瀬戸山 そもそも多摩ニュータウンとは何なのか、ニュータウンマニアの方にお話を聞きに行きました。実はパルテノン多摩の学芸員だった方なんですけど(笑)。

——そのとき印象に残ったことは?

瀬戸山 都市計画についての話です。報道を見て、「そもそも計画段階で、高齢化や過疎化を想定してなかったのか?」と考える人もいると思うんです。でもそのニュータウンマニアの方は、「町づくりの計画は何年かで終了するし、人間は何十年も先のことまで完璧に想像することはできない」と。私はそれを聞いて、「ああ、そうだな」と思ったんです。もちろん長いスパンで物事を考えるべきだけど、考えた通りになることはほとんどない。だから30年後のことは30年後の人が引き継いで、もう一回ちゃんと考え直さなきゃいけないんじゃないか、と。そういう計画していなかったことの面白さを芝居にしたいなと思って、今回のタイトルを『たまたま』にしたんです。

オーディションで多摩ゆかりの2人が合格

——浅井さんと亀島さんは、なぜオーディションに応募しようと思ったんですか。

浅井 私は去年、パルTAMAフェスの野外劇に出演させていただいたんですけど、そこで知り合った文学座の山森大輔さん(今回の『たまたま』にも出演)から「今年もパルテノン多摩で演劇があるから、受けてみたらいかがですか」と言われて。

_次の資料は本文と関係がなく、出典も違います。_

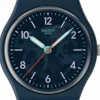 Swatch Time To Teal-Women Swatch | Swatch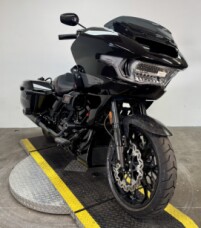 FLTRXSTSE 2024 CVO™ Road Glide® ST thumb 1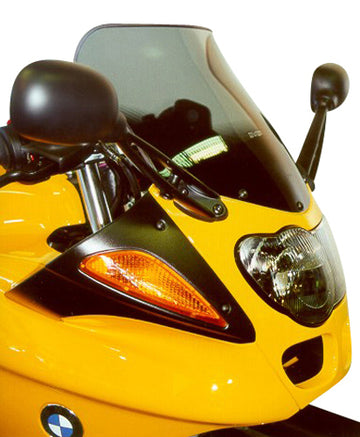 BMW R 1100 S [1998-] – Spoiler disc “SM”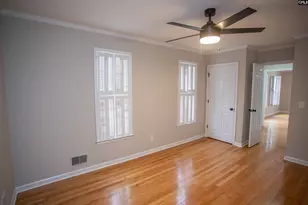 25 Gazebo Ct, Camden, SC 29020 - Photo 30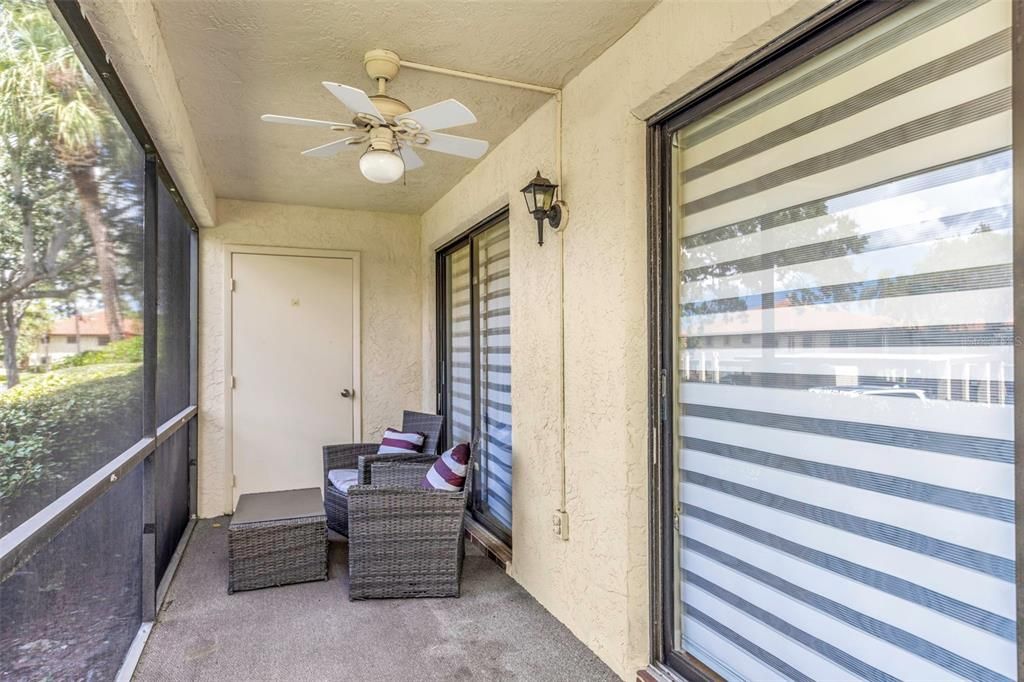 For Rent: $2,250 (2 beds, 2 baths, 1030 Square Feet)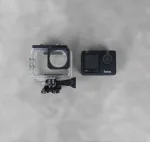 Hoco DV101 Черный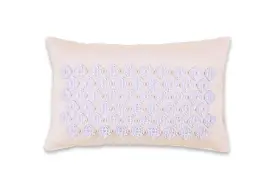 860594000295 KANJO Fsa Hsa Eligible Unscented Acupressure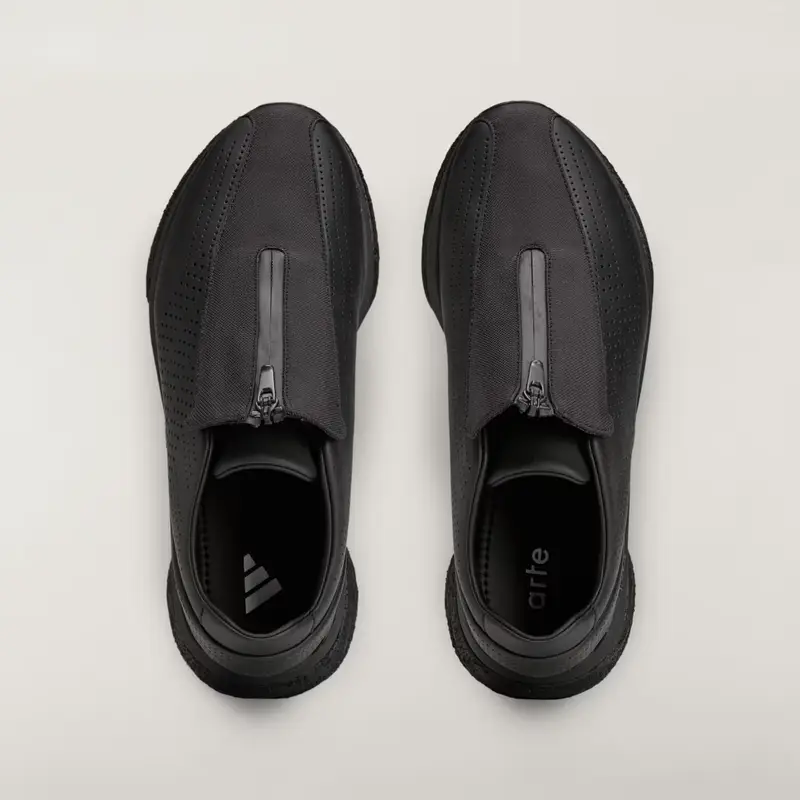 x Arte Antwerp Lightblaze POD Shoes Core Black miniatura 2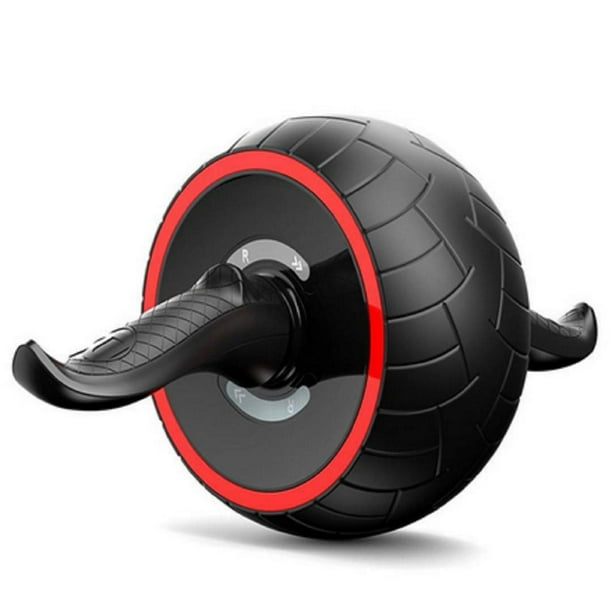 Plastic Kin Abs Carver for Abdominal Stomach Exercise Training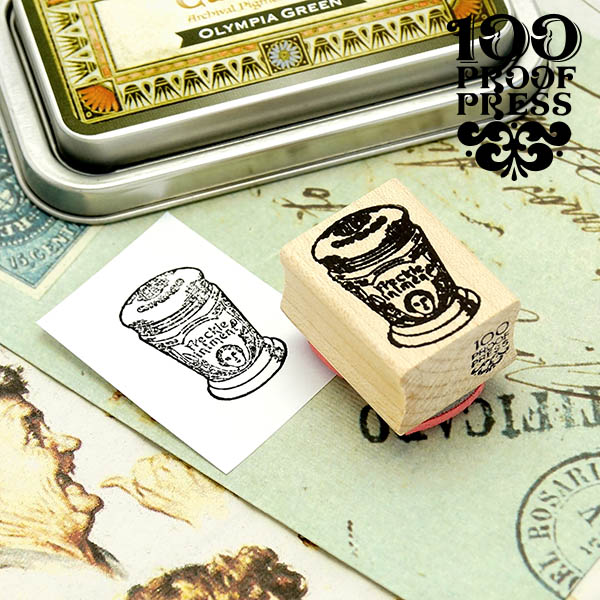 アンティーク スタンプレスカバー 楽天市場】シーリングスタンプ ヘッド アンティークシリーズ ワックス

瀬戸山 私の劇団公演も見に来てくださったんですよね。

浅井 ええ。そのお芝居が、すごく良かったんです。舞台がきれいで、緊迫感もあって。それで瀬戸山さんとご一緒できればと思ったのがきっかけです。また、私は多摩市に住んで30年。パル多摩には演劇や映画などの恩恵をいっぱい受けてきましたので、今年も何か関われたらと思ったんです。

瀬戸山 浅井さんは、文学座のシニアクラスに通われていたそうですね。

浅井 私、60歳までは中学校の教員をしてたんですよ。

瀬戸山 え、そうなんですか!

浅井 定年退職してボーッとしてるのももったいないので、学生時代にやっていた演劇をやってみようと。今はそこの卒業生で作った「プラチナネクスト」という演劇集団のメンバーになって、年に2本ほど公演をしています。

——亀島さんは劇団ロロの所属ですが、今回はなぜオーディションに?

亀島 僕も多摩センターが地元なんです。小学生から19歳まで住んでいて、10代前半の初デートも、パル多摩4階にあった「ミラクルラボ」でした(笑)。

瀬戸山 何ですか、ミラクルラボって。

亀島 昔、おもしろ化学実験室みたいな施設があったんですよ。

瀬戸山 健全な初デートですね(笑)

亀島 今は多摩を出て、役者の仕事を始めて8年くらい経つんですけど、ここ数年、多摩センターで演劇が盛り上がっているという話は聞いていて。「何で俺が呼ばれないんだ!」と思っていたわけです(笑)。だから今回、ようやくパル多摩の芝居に関われて嬉しい。

ツイッター経由で参加した俳優&音楽家

——吉田能さんは、瀬戸山さんが声をかけられたとか。

瀬戸山 今回の音楽は、なるべく多摩の音楽家の方にお願いしたかったんですけど、なかなか適任の方を見つけられなくて。そんなときに、私が書いたツイッターのオーディション情報を見て、反応してくださったのが吉田さんだったんです。

——吉田さんのことはもともとご存知で?

瀬戸山 はい。吉田さんは俳優とピアニストの両方の活動をされているんですけど、俳優としては舞台で何度か見ていて、ピアニストとしてもYouTubeで見て、カッコイイなと思ってました。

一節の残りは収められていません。